CRDR supports two types of the recovery transition:

  • Failover
    • Triggered by you typically in the event of a region-wide outage
    • Destroys the primary service and requires the primary service recreation to fail back.
  • Switchover
    • Triggered by you for any purposes other than a region-wide outage
    • Leaves the primary service intact with no need for recreating it to switch back.

Failover to the recovery region

You typically trigger a failover to the recovery region in the event of a region-wide outage. This destroys the primary service, which becomes Failed, and promotes the recovery service to Active. To fail back to the primary service, it needs to be recreated first.

CRDR failover

Switchover to the recovery region

You trigger a switchover to the recovery service for testing, simulating a disaster scenario, or verifying the disaster resilience of your infrastructure. This demotes the primary service to Passive and promotes the recovery service to Active. To switch back to the primary service, no service recreation is needed.

CRDR switchover

Recovery reversion

You trigger a recovery reversion to shift your workload back to the primary region and restore the CRDR setup to its original configuration.

There are two types of the recovery reversion:

Failback to the primary region

The failback process consists of two steps you initiate at your convenience:

  1. Primary service recreation

    You initiate this step to restore primary service nodes from the local backups and to synchronize (replicate) the most recent data from the active service (recovery service). When completed, the primary service is restored and in near real-time sync with the recovery service.

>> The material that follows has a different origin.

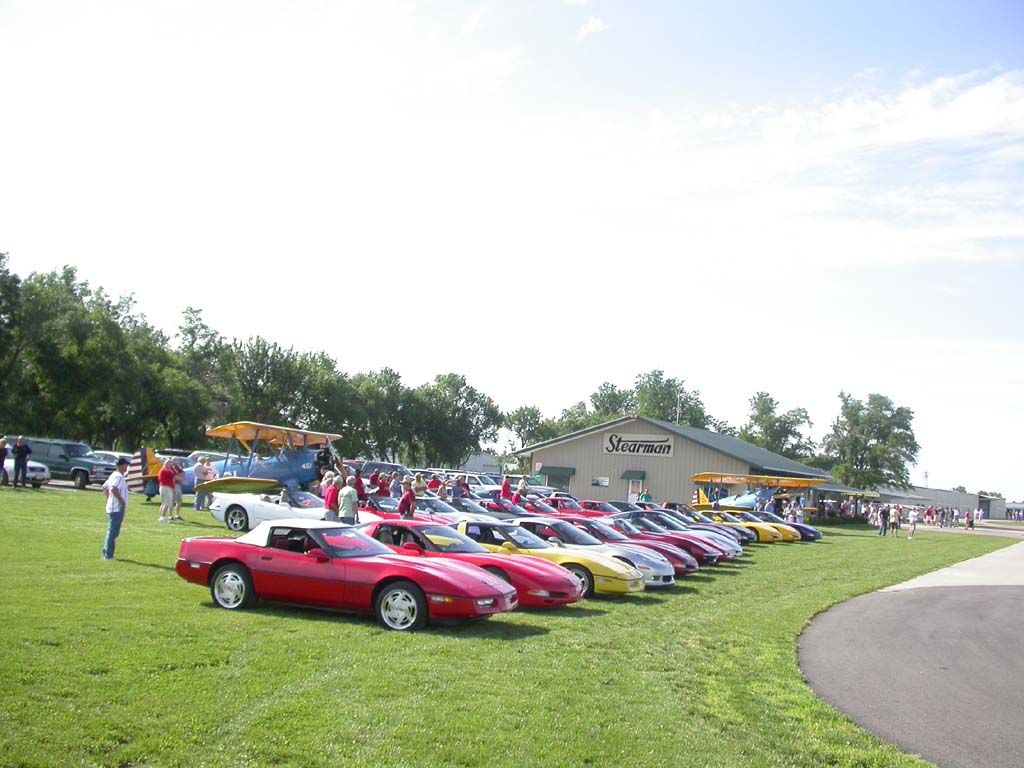 2008_06_21_Benton_Air_Show_037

  2. Primary service takeover

    You initiate a takeover as soon as the primary service is recreated. This switches the direction of the replication to effectively route the traffic back to the primary region. When completed, both the primary service and the recovery service are up and running again: the primary service as an active service, and the recovery service as a passive service.

CRDR revert

Switchback to the primary region

You initiate a switchback at your convenience to switch the direction of the replication and route the traffic back to the primary region. When completed, both the primary service and the recovery service are up and running again: the primary service as an active service, and the recovery service as a passive service.

CRDR switchback

DNS name and service URI

Active service DNS name

CRDR allows you to access your active service always using the same Service URI, which doesn't change in the event of a failover to the recovery region.

note

Service URI is a locator that is shared between the primary service and the recovery service. It always points to the replicating node of the active service. This node is the only read-write node in both CRDR regions.

The Service URI of an active service can remain unchanged in the event of a region outage because the DNS record of this Service URI is updated to point to the active service. This allows your applications to work uninterrupted and adapt to the change automatically without updating its code or data.

Standby nodes DNS names

Regardless of the CRDR cycle phase, you can always connect and access separately each standby node in the CRDR peer services. This can help you compensate for potential network delays by using the service geographically closer to your applications.

Standby nodes in the CRDR service pair can have two different URIs, depending on the CRDR service (region) they belong to:

  • For the primary service standby URI, the DNS record always points to the standby nodes in the primary region.
  • For the recovery service standby URI, the DNS record always points to the standby nodes in the recovery region.

Both the primary service standby URI and the recovery service standby URI are dedicated, not shared, and read-only.

Backups in the recovery region

After a failover to the recovery region in the event of a primary region outage, service backups start to be taken in the recovery region. You can use this backup history for operations and data resiliency purposes.